Friedrich Simmel (Technische Universität München)

The research conducted by Prof. Simmel revolves around bionanotechnology and the physics of synthetic biological systems. His particular areas of interest include artificial molecular machines, the design of artificial biochemical circuits and self-organisation of complex systems. He has been Chair of Physics of Synthetic Biological Systems (E14) at TUM since 2007. Since 2013, Prof. Simmel has been a member of acatech - the National Academy of Science and Engineering.


Kirsten Jung (Ludwig-Maximilians-Universität München)

Research in the Jung lab focuses on the elucidation of the molecular mechanisms of stimulus perception by membrane-integrated receptors. Moreover, they are studying the complexity of regulatory networks in correlation with phenotypic heterogeneity. Last, but not least, they are investigating translation regulation and synthetic protein modifications.


Michael Hecht (Princeton University)

Research in the Hecht group focuses in two areas: Synthetic Biology and Alzheimer's Disease. Although these fields may seem quite different, they explore two facets of the same problem. Synthetic biology requires an ability to devise novel proteins, which ultimately comes down to designing amino acid sequences that fold into a specific 3-dimensional structure. Conversely, probing the molecular underpinnings of Alzheimer’s disease requires an understanding of how sequences fail to fold into globular protein structures, but instead misfold into oligomeric or fibrillar structures.
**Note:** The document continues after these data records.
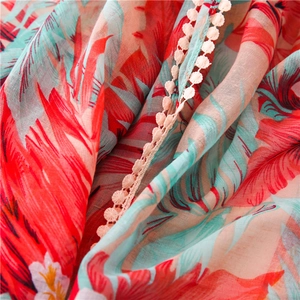 Détail d'un châle en coton et lin à imprimé tropical avec bordure dentelle blanche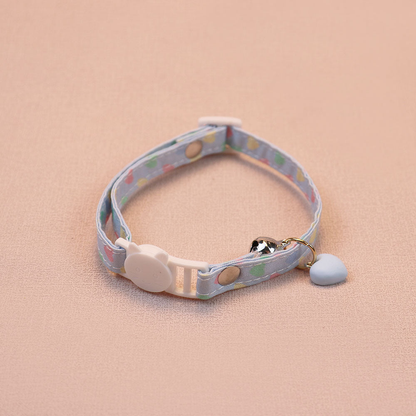 Light blue heart-print cat collar with a blue heart charm, bell and cat-face buckle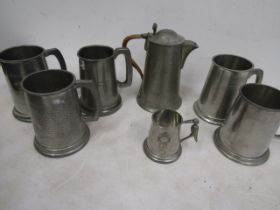 Pewter tankards and coffee pot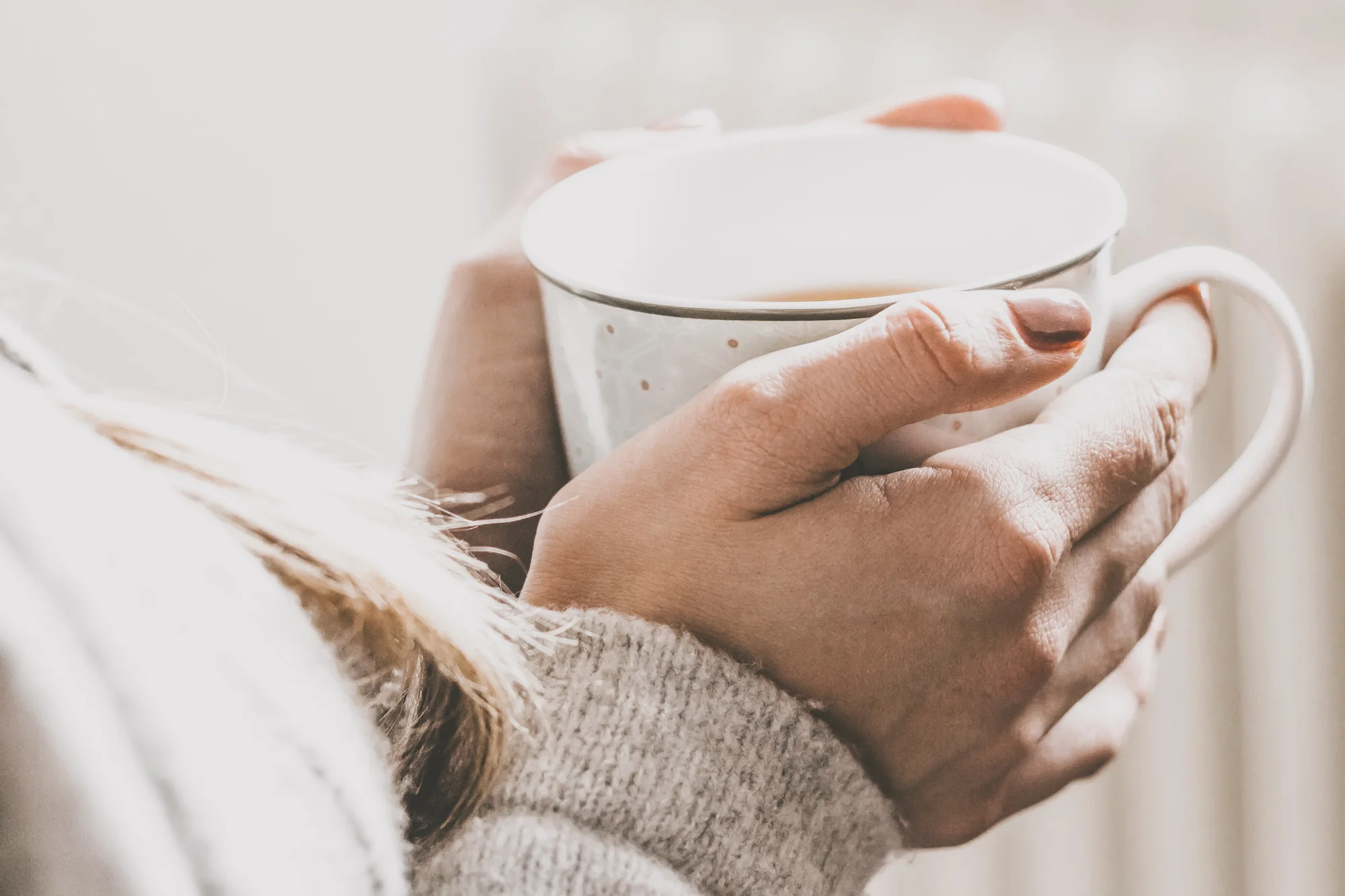 Junge Frau wärmt Hände an Teetasse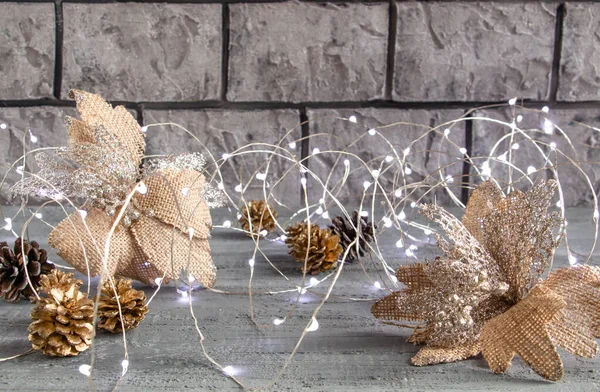 Schöne Weihnachtsdekoration in silbrigen Goldtönen, goldene Tannenzapfen, Weihnachtsbeleuchtung und Blume auf Betongrund — Stockfoto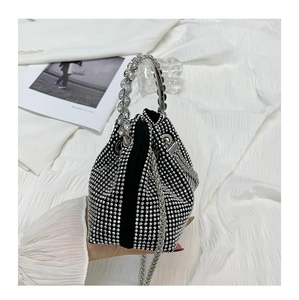 Detail of black rhinestone bucket bag with sparkling handle and metal chain strap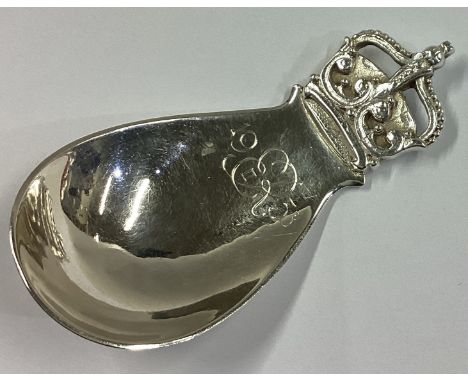 R E STONE: A good heavy cast silver caddy spoon with crown terminal. London 1953. Approx. 25 grams.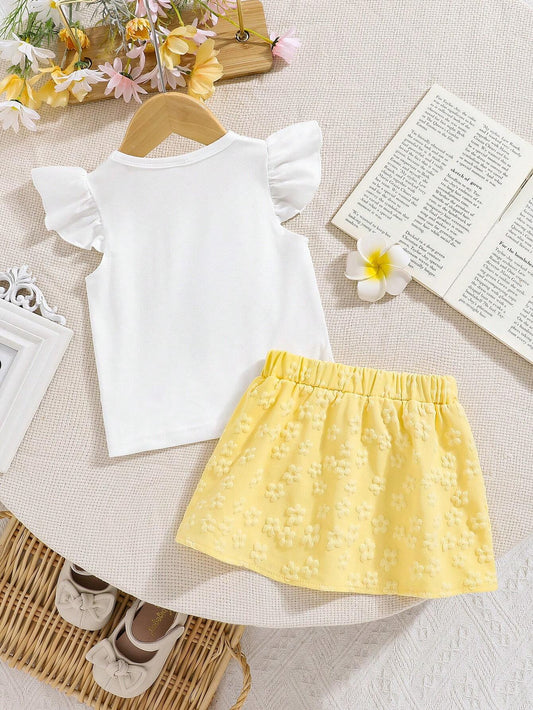 Conjunto blanco y amarillo para bebé niña con falda floral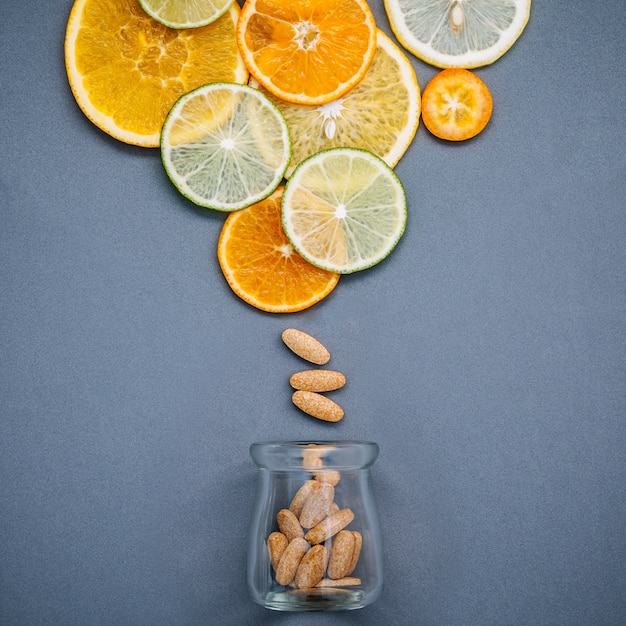 Healthy foods and medicine concept.  Mixed citrus fruits sliced on gray background flat lay.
Kathrin Lang (Technische Universität München)

Professor Lang conducts research in the interdisciplinary area of chemical biology, applying concepts from organic chemistry to develop new tools to study fundamental biological questions. Her research focuses on the targeted chemical synthesis of new artificial biomolecules (amino acids, proteins, nucleotides, oligonucleotides) tailored to investigate and manipulate complex cellular processes in in vitro and in vivo biological systems.


James Murray (Imperial College London)

Murrays group is working on structural and synthetic biology of photosynthesis. Their topics cover carbon fixation in plants and cyanobacteria and investigation in the structural basis of nitrogenase resistance to oxygen, which is important for biotechnological applications of this enzyme. Additionally they investigate ways to mimic the catalytic activity of photosystem II by engineering other proteins to bind a cluster of metal atoms in a similar way to the natural system.


Pamela Silver (Harvard Medical School)

The Silver Lab develops principles for building synthetic cells that act as sensors, memory devices, bio-computers, producers of high value commodities and energy from the sun, and they build novel subsystems such as proteins with designed properties for therapeutic use.